> _GOAL OF THE EXERCISE_
In the entries below, begin at the line with "Braies Lake In" and stop after the line with "Mokata Headphones Kids"; output those lines exactly and omit the pictures.

> _LISTED ENTRIES_
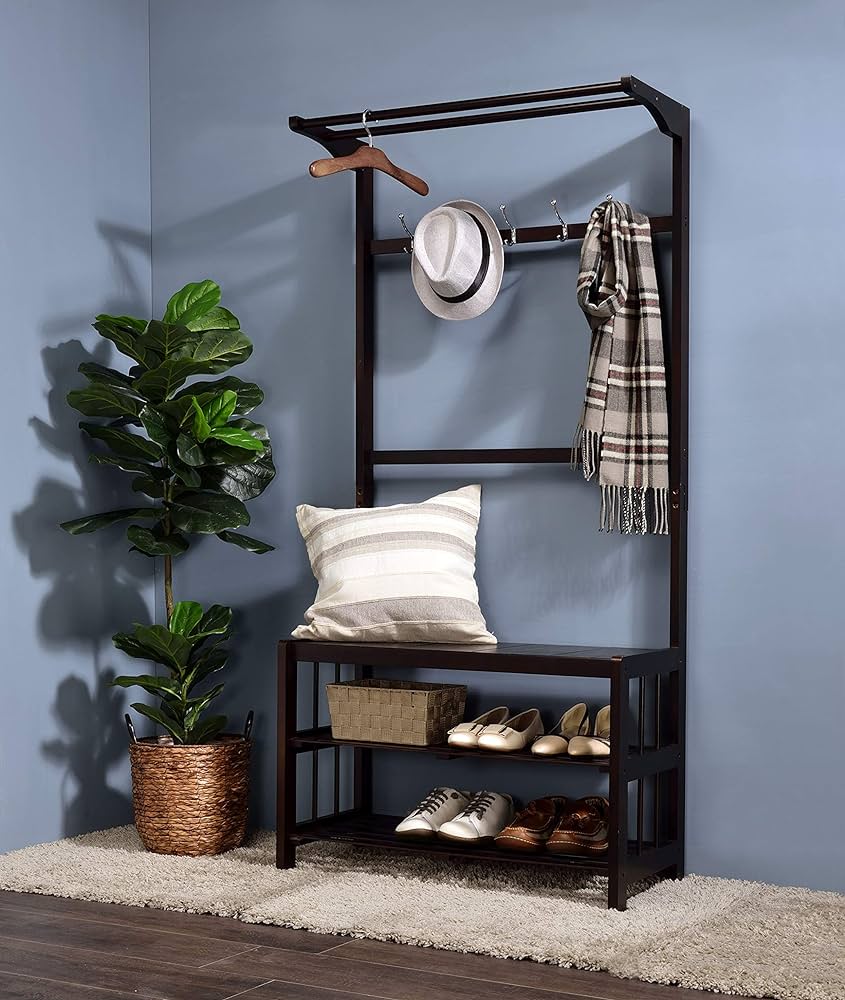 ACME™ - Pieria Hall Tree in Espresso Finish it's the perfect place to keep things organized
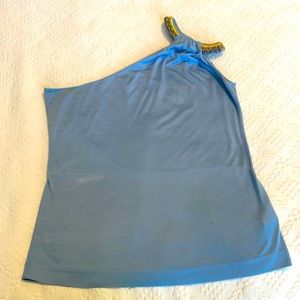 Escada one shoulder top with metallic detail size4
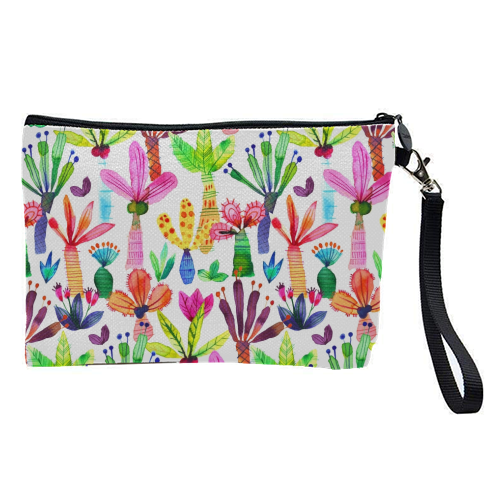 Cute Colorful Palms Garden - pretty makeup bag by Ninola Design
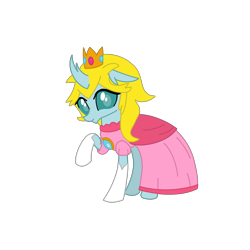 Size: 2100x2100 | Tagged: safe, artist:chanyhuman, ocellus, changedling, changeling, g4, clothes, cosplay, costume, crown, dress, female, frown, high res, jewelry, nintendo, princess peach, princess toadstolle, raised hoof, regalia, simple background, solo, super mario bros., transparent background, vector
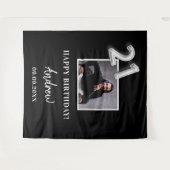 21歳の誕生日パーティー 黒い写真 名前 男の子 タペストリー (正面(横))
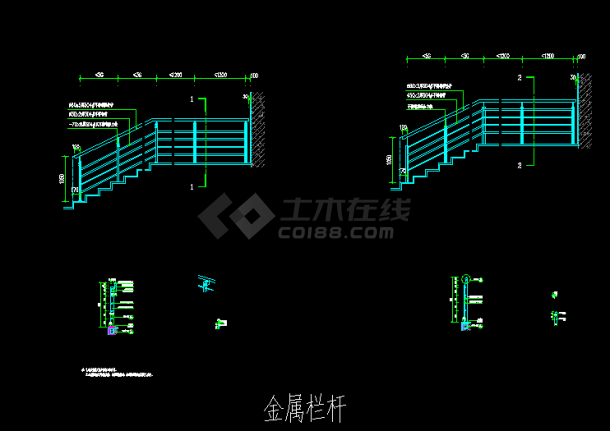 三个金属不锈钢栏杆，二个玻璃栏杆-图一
...
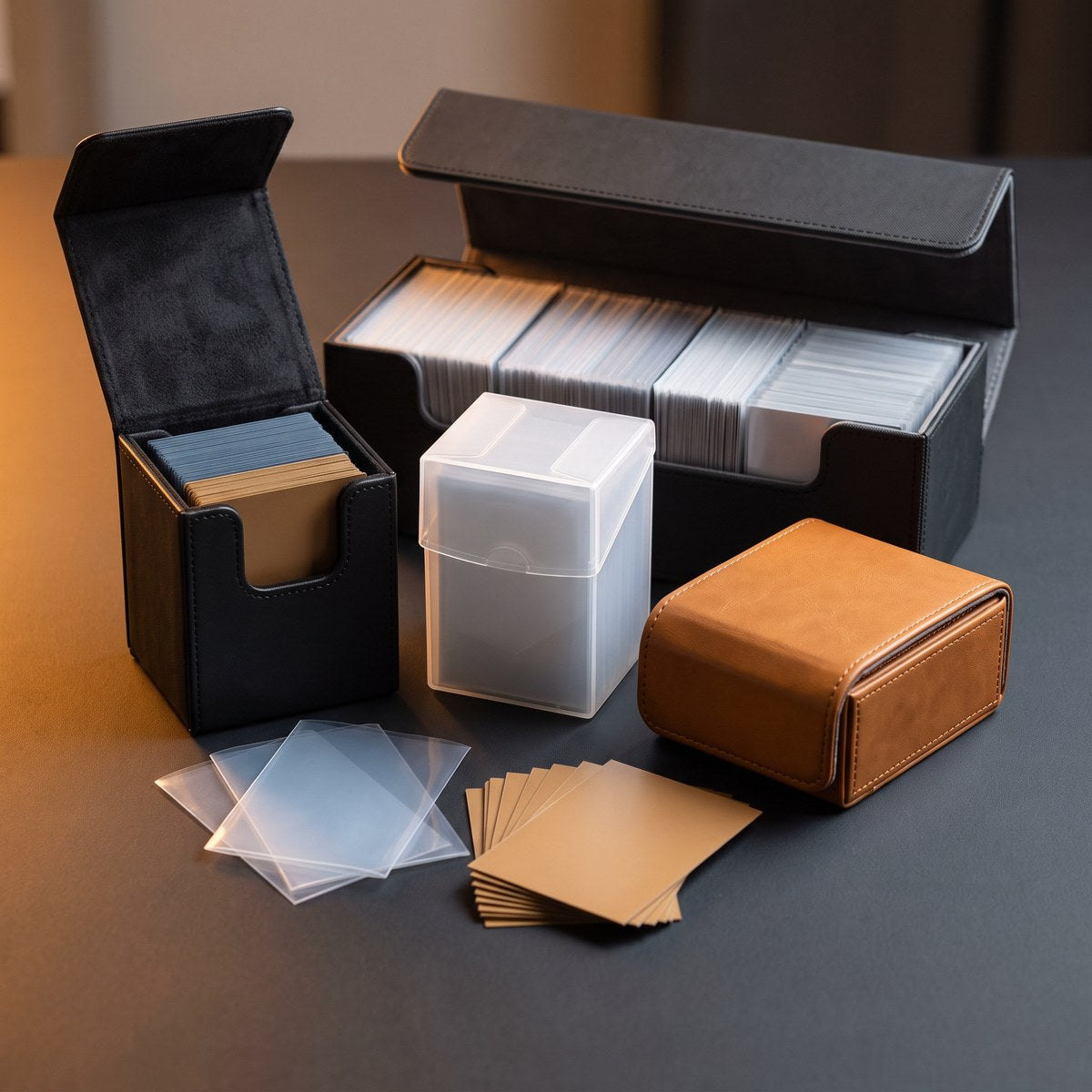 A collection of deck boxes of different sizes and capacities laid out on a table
* * *
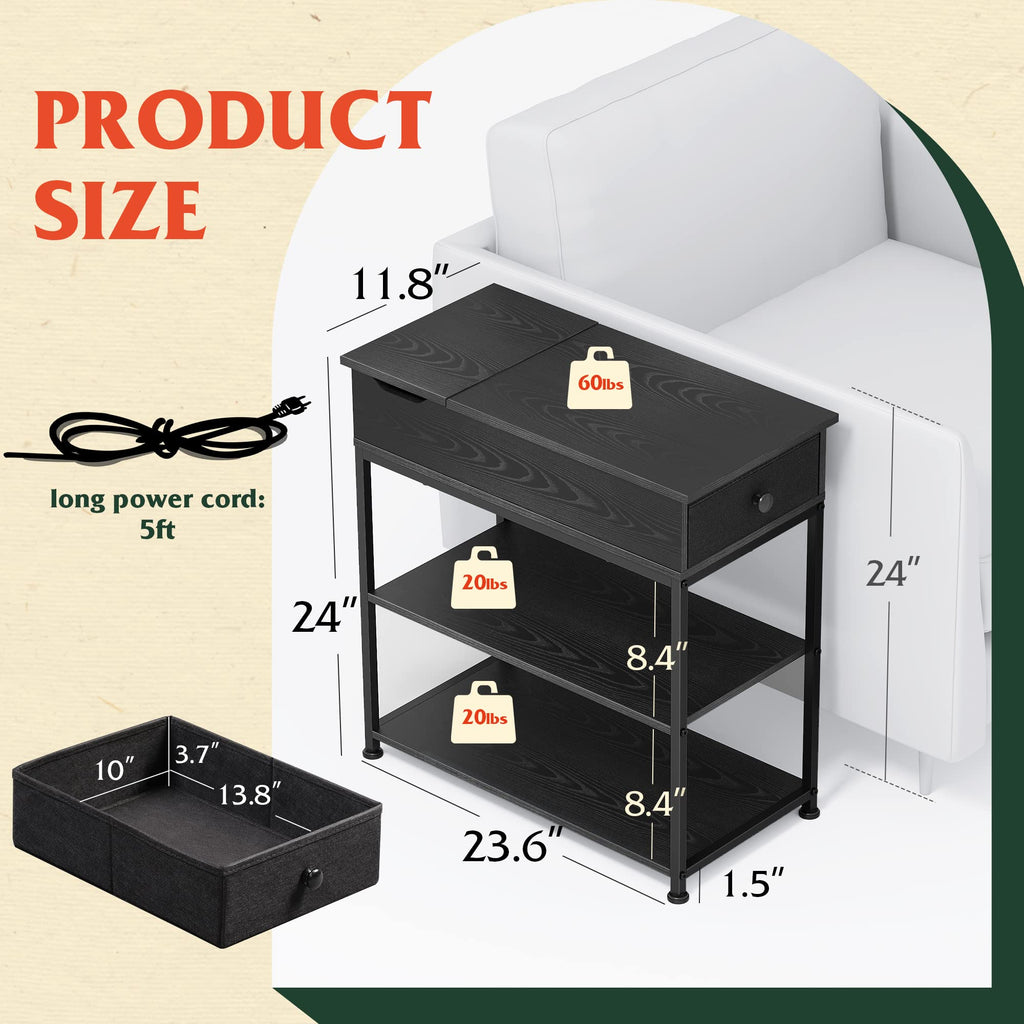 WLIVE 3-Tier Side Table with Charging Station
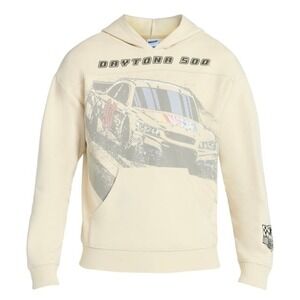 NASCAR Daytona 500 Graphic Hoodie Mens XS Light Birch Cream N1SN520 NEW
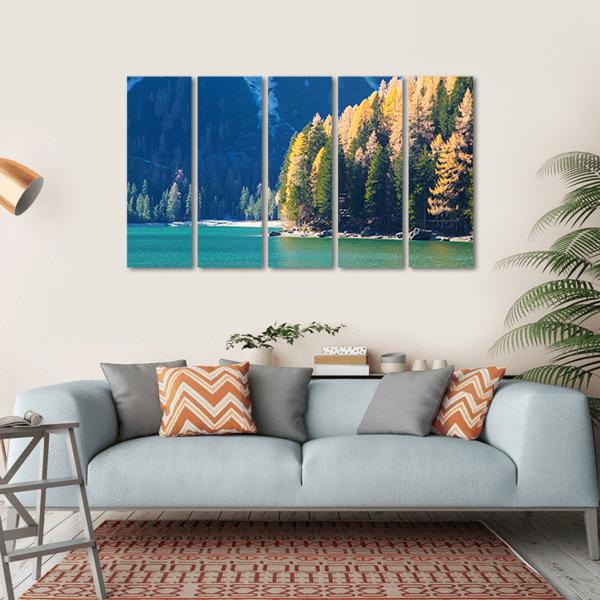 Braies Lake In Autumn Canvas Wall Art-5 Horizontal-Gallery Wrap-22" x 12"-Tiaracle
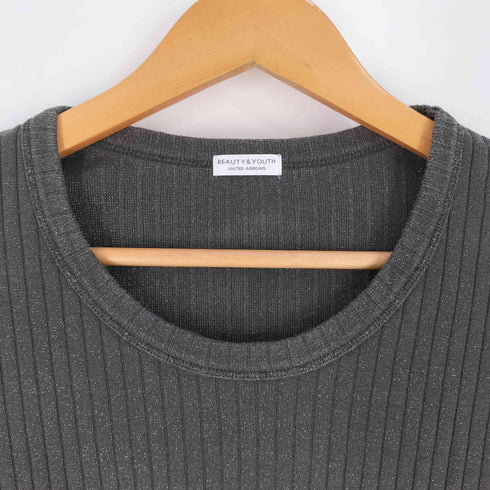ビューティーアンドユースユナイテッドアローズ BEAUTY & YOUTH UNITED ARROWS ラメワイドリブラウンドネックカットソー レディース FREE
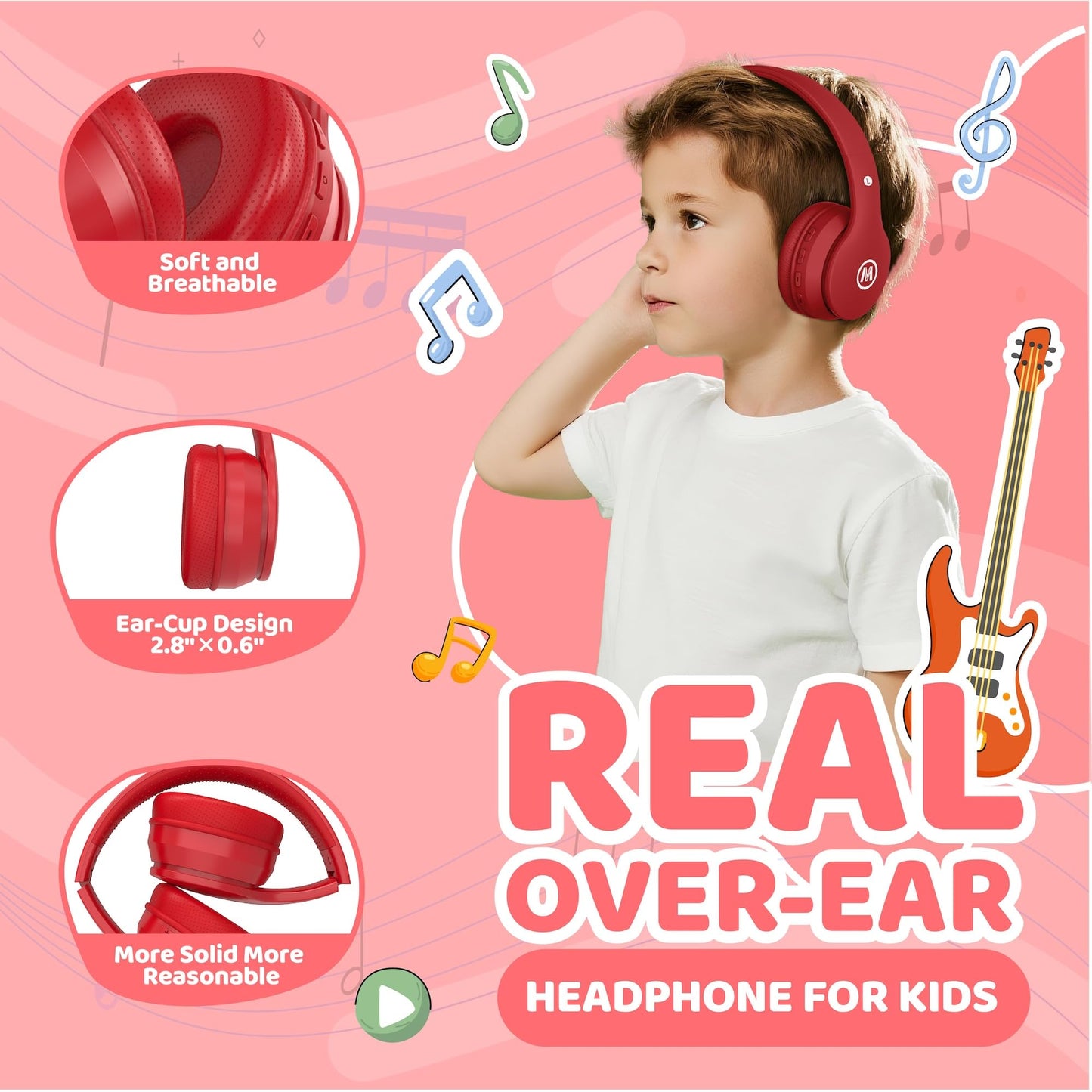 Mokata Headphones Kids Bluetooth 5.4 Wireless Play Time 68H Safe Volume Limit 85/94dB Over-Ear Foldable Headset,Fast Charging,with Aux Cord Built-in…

> _COMPLETED TASK_
 Braies Lake In Autumn Canvas Wall Art-5 Horizontal-Gallery Wrap-22" x 12"-Tiaracle
ビューティーアンドユースユナイテッドアローズ BEAUTY & YOUTH UNITED ARROWS ラメワイドリブラウンドネックカットソー レディース FREE
 Mokata Headphones Kids Bluetooth 5.4 Wireless Play Time 68H Safe Volume Limit 85/94dB Over-Ear Foldable Headset,Fast Charging,with Aux Cord Built-in…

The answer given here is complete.